§ **Dataset**
------------------------------------------------

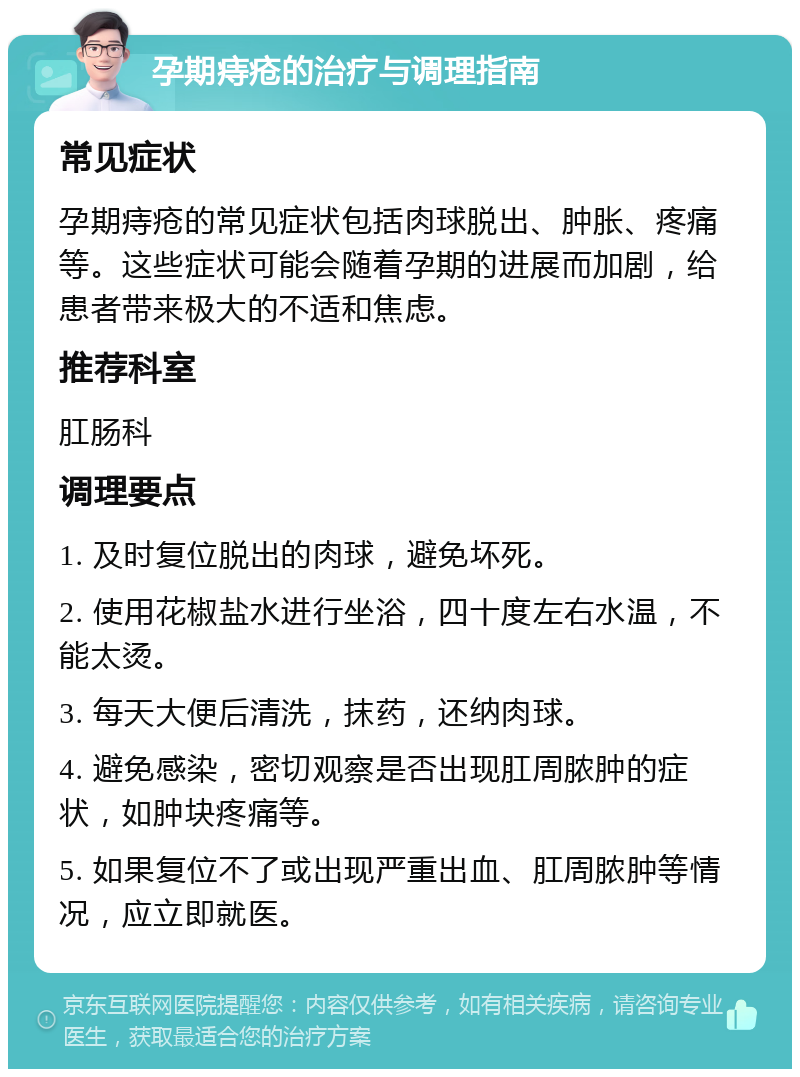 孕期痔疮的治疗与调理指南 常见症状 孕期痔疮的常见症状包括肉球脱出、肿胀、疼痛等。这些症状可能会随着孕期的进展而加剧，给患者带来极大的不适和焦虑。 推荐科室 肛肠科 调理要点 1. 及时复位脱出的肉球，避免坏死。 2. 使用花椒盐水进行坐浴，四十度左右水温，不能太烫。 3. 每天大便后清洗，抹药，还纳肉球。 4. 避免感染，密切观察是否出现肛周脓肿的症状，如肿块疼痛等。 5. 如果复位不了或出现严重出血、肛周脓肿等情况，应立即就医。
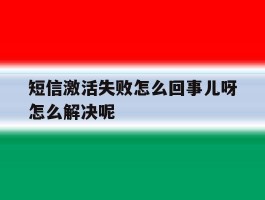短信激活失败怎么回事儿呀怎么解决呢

------------------------------------------------

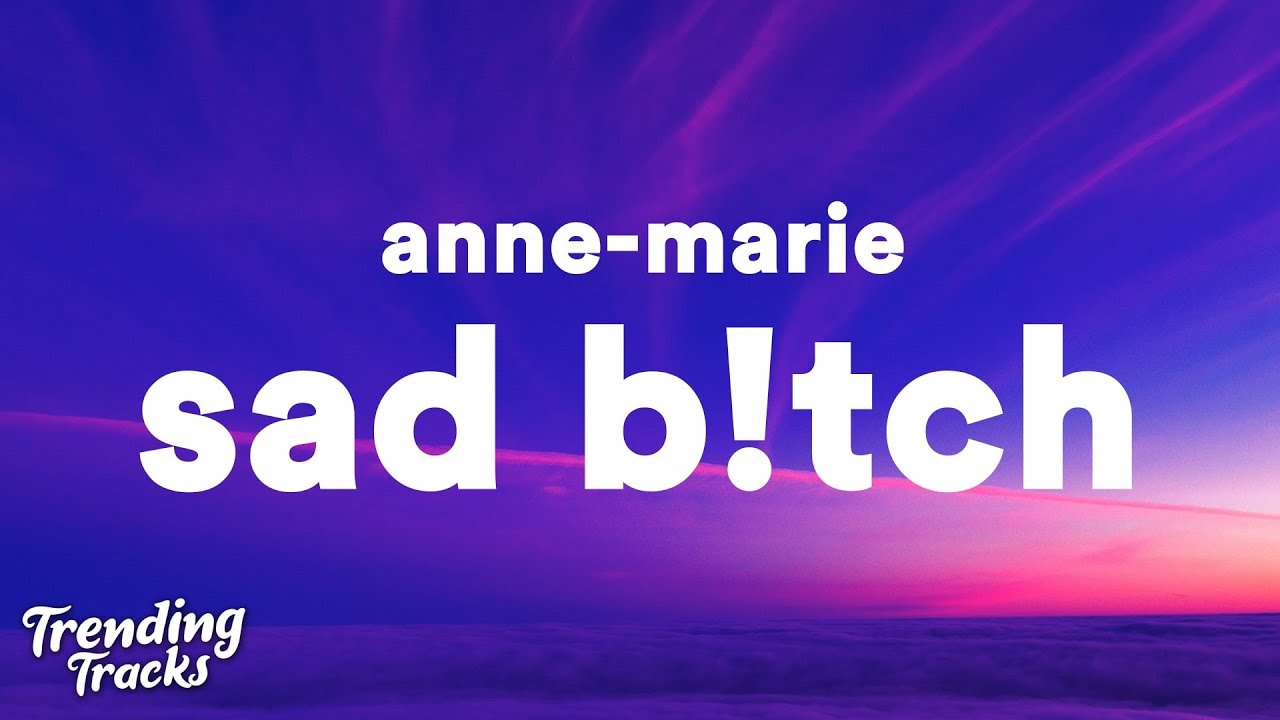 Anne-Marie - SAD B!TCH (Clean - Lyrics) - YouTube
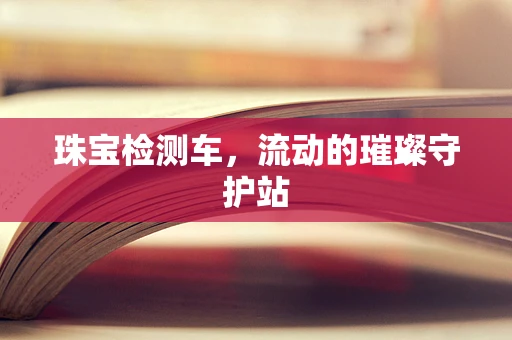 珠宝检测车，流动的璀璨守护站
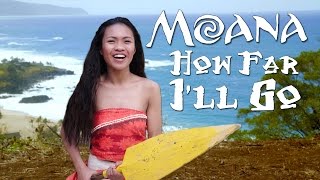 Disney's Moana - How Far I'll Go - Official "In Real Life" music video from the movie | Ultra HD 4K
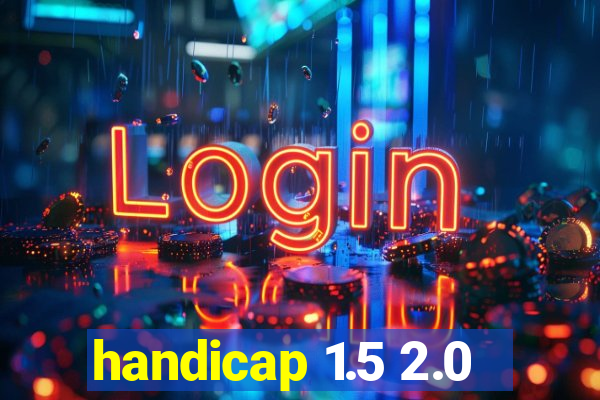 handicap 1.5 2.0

------------------------------------------------

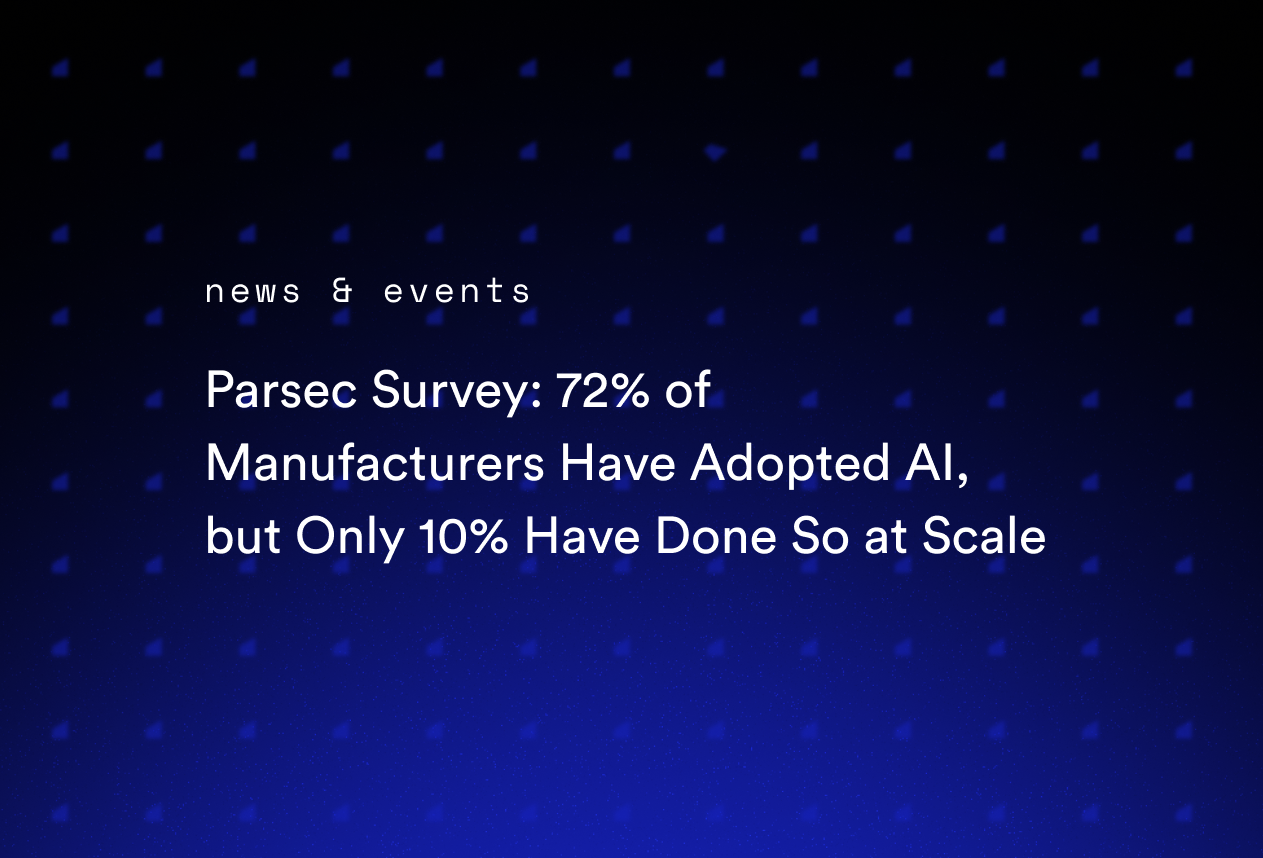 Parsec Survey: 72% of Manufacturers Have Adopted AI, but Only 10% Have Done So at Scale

------------------------------------------------

§ **How to complete this task**
Give back, exactly and without pictures, the stretch of the records above from the line containing "Disney's Moana - How" through the line containing "handicap 1.5 2.0", with both end lines included.

§ **Answer space**
 Disney's Moana - How Far I'll Go - Official "In Real Life" music video from the movie | Ultra HD 4K
 handicap 1.5 2.0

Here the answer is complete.